• Data to use:
---*---

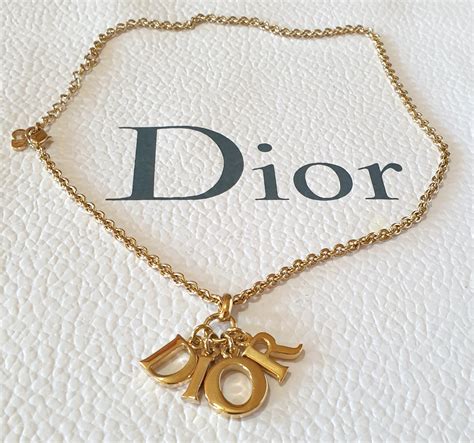 colgantes dior|Collares .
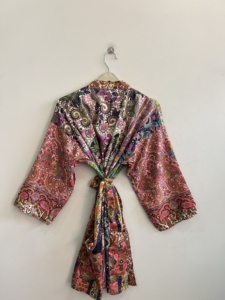 ชุดกิโมโนผ้าไหมปะติดปะต่อแบบสั้น ชุดเดรสผ้าไหมทำมือ - Product Image 6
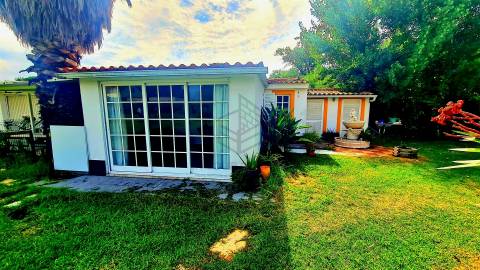 Moradia >=T10 Venda em Azeitão (São Lourenço e São Simão),Setúbal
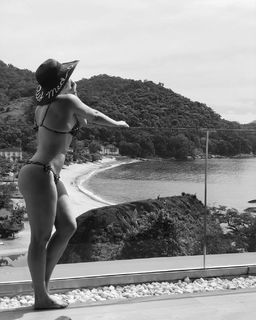 Fernanda Souza feet photo thumbnail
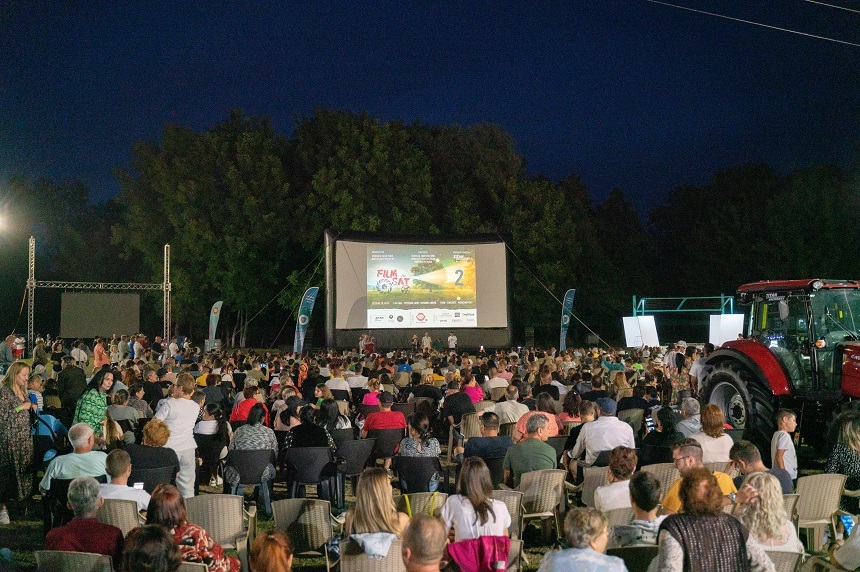 Festivalul Film în Sat ajunge la Murighiol (Tulcea), în perioada 13-15 octombrie. Scurtmetrajul "La marginea zilei", lungmetrajele "Libertate" şi "Ghinionistul", în program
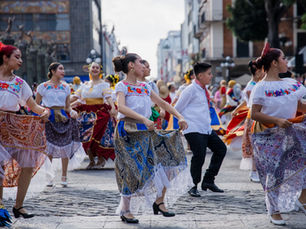 Una tarde de danza y tradición en el Monumental Jarabe de San Miguelito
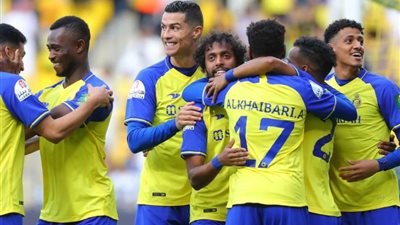 رونالدو يقود النصر لفوز ثمين على الشباب ويشعل المنافسة على لقب الدوري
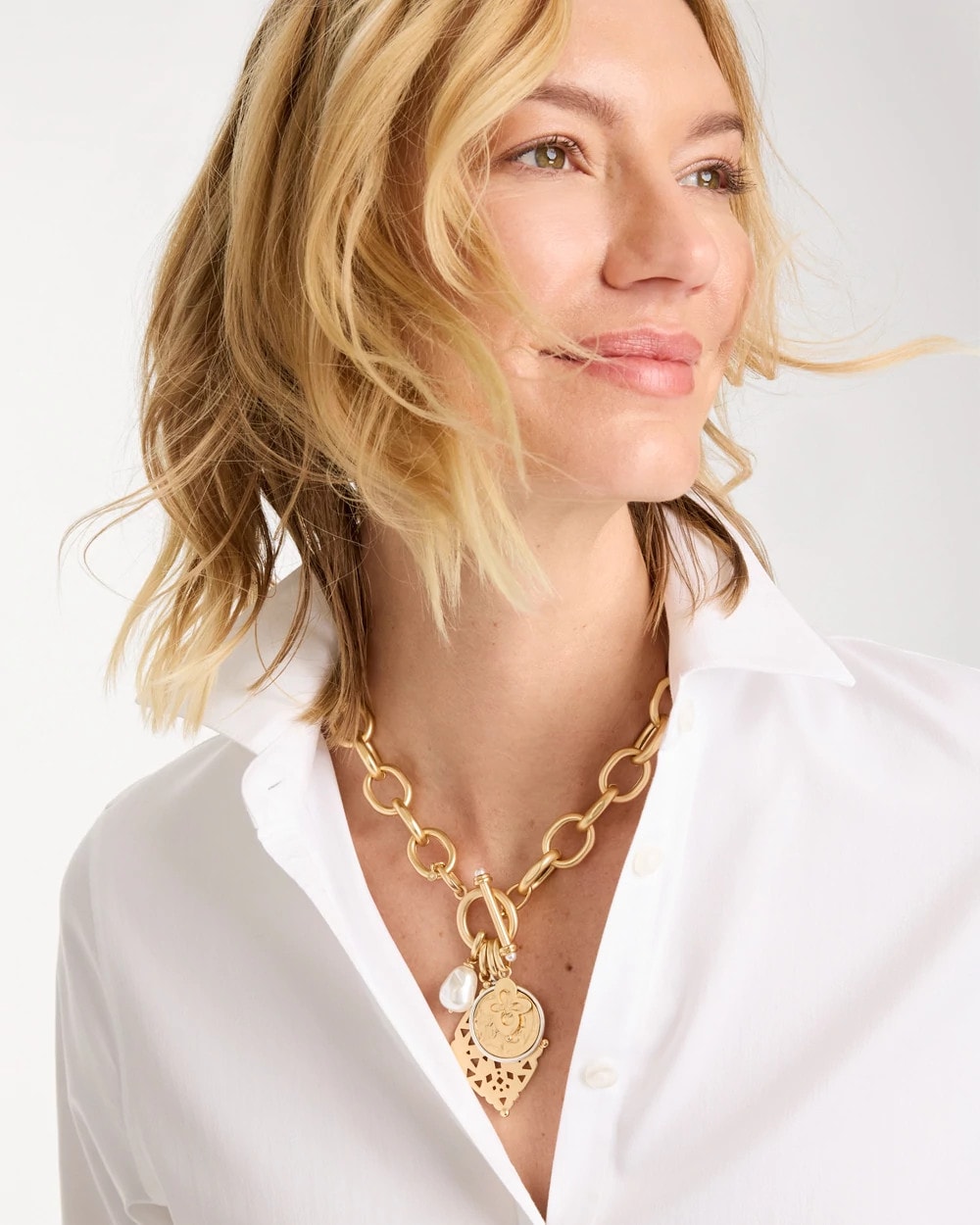 Chico's Quality - Toggle Cameo Charm Necklace Gold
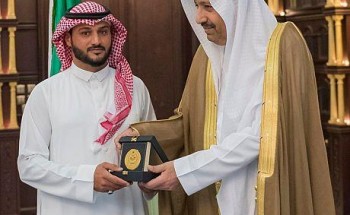 مواطن يساعد رجال الأمن في القبض على عمالة مخالفة تروج المخدرات.. وأمير الباحة يكرمه مواطن يساعد رجال الأمن في القبض على عمالة مخالفة تروج المخدرات.. وأمير الباحة يكرمه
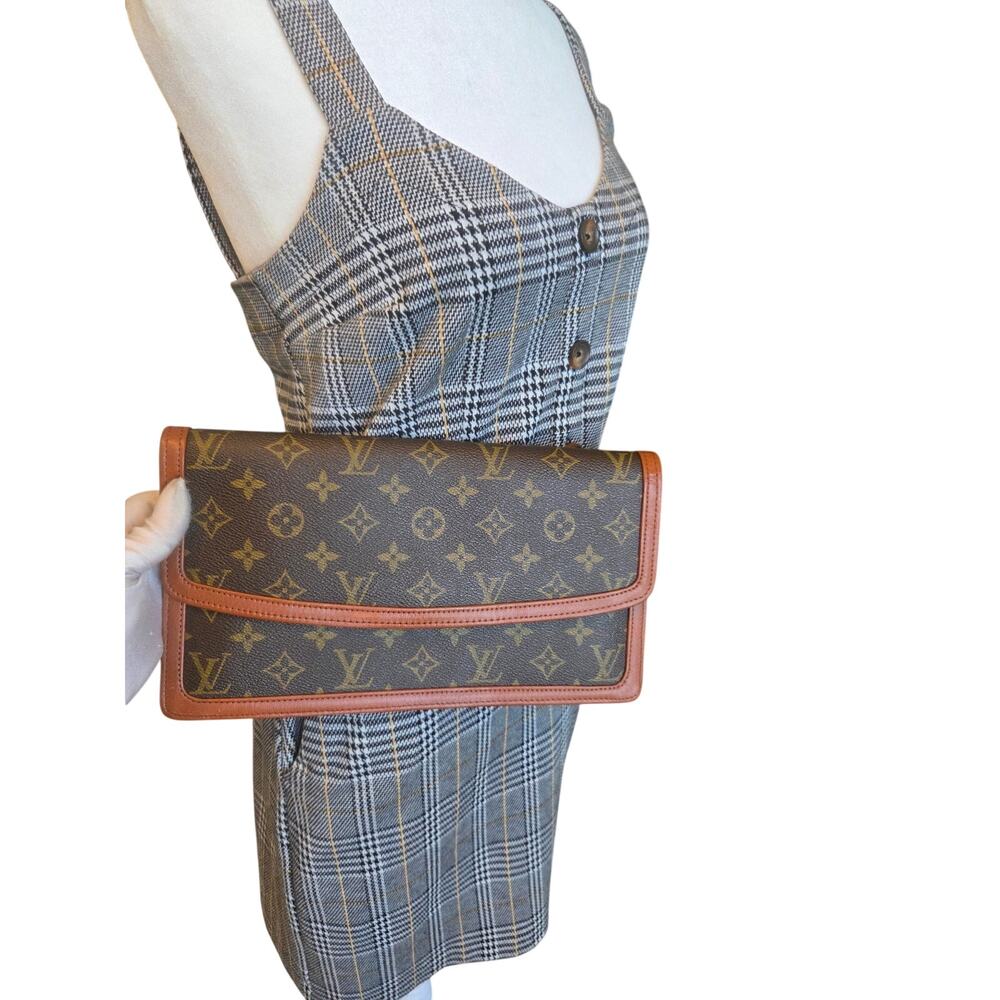 Louis Vuitton Dame GM Pochette Monogram Canvas Clutch Bag Vintage Made in France - Picture 12 of 13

---*---

• What is being asked: Pictures don't belong in the copy. Retype exactly the lines from the one with "Fernanda Souza feet photo thumbnail" through the last line of the records.

• Output of the exercise:
 Fernanda Souza feet photo thumbnail
 Festivalul Film în Sat ajunge la Murighiol (Tulcea), în perioada 13-15 octombrie. Scurtmetrajul "La marginea zilei", lungmetrajele "Libertate" şi "Ghinionistul", în program
 Una tarde de danza y tradición en el Monumental Jarabe de San Miguelito
 رونالدو يقود النصر لفوز ثمين على الشباب ويشعل المنافسة على لقب الدوري
 Chico's Quality - Toggle Cameo Charm Necklace Gold
 مواطن يساعد رجال الأمن في القبض على عمالة مخالفة تروج المخدرات.. وأمير الباحة يكرمه مواطن يساعد رجال الأمن في القبض على عمالة مخالفة تروج المخدرات.. وأمير الباحة يكرمه
 Louis Vuitton Dame GM Pochette Monogram Canvas Clutch Bag Vintage Made in France - Picture 12 of 13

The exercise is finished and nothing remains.